Given enough data, MCQs can be made surprisingly precise. The best-known example is the Force Concept Inventory, which gauges understanding of basic Newtonian mechanics. By interviewing a large number of respondents, correlating their misconceptions with patterns of right and wrong answers to questions, and then improving the questions, its creators constructed a diagnostic tool to pinpoint specific misconceptions. However, it’s very costly to do this, and students’ ability to search for answers on the internet is an ever-increasing threat to the validity of tools like this.

Designing an MCQ with plausible distractors is useful even if it is never used in class because it forces the instructor to think about the learners’ mental models and how they might be broken–in short, to put themselves into the learners’ heads and see the topic from their point of view.

Why Not MOOCs

Massive open online courses (MOOCs) in which students watch videos instead of attending lectures, and then do assignments that are (usually) robo-graded, were a hot topic a few years ago. Now that the hype has worn off, though, it’s clear that they aren’t as effective as their more enthusiastic proponents claimed they would be [Ubell2017].

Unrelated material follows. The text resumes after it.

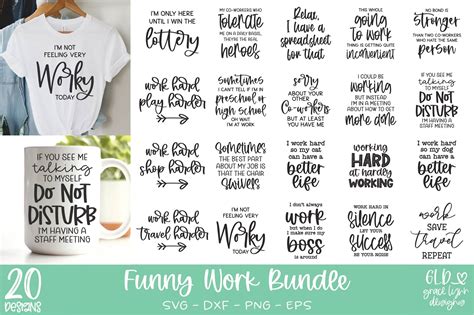 Funny Work SVG Bundle | Office Humor SVG Quotes By Grace Lynn Designs | TheHungryJPEG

Recorded content is ineffective for most novices learners because it cannot intervene to clear up specific learners’ misconceptions. Some people happen to already have the right conceptual categories for a subject, or happen to form them correctly early on; these are the ones who stick with most massive online courses, but many discussions of the effectiveness of such courses ignore this survivor bias.

If you use robots to teach, you teach people to be robots.
– variously attributed

Teaching Practices

If you haven’t done so already, you should start using these three teaching practices in your instructor training workshop:

Challenges

Your Mental Models (5 minutes)

What is one mental model you use to frame and understand your work? Write a few sentences describing it in the shared notes, and give feedback on other learners’ contributions.

Symptoms of Being a Novice (5 minutes)

What are the symptoms of being a novice? I.e., what does someone do or say that leads you to classify them as a novice in some domain?

Modelling Novice Mental Models (20 minutes)

Create a multiple choice question related to a topic you intend to teach and explain the diagnostic power of each its distractors (i.e., what misconception each distractor is meant to identify).

When you are done, give your MCQ to a partner, and have a look at theirs. Is the question ambiguous? Are the misconceptions plausible? Do the distractors actually test for them? Are any likely misconceptions not tested for?

Other Kinds of Formative Assessment (20 minutes)

A good formative assessment requires people to think through a problem. For example, consider this question from [Epstein2002]. Imagine that you have placed a cake of ice in a bathtub and then filled the tub to the rim with water. When the ice melts, does the water level go up (so that the tub overflows), go down, or stay the same?

The correct answer is that the level stays the same: the ice displaces its own weight in water, so it exactly fills the “hole” it has made when it melts. Figuring this out why helps people build a model of the relationship between weight, volume, and density.

Describe another kind of formative assessment you have seen or used and explain how it helps both the instructor and the learner figure out where they are and what they need to do next.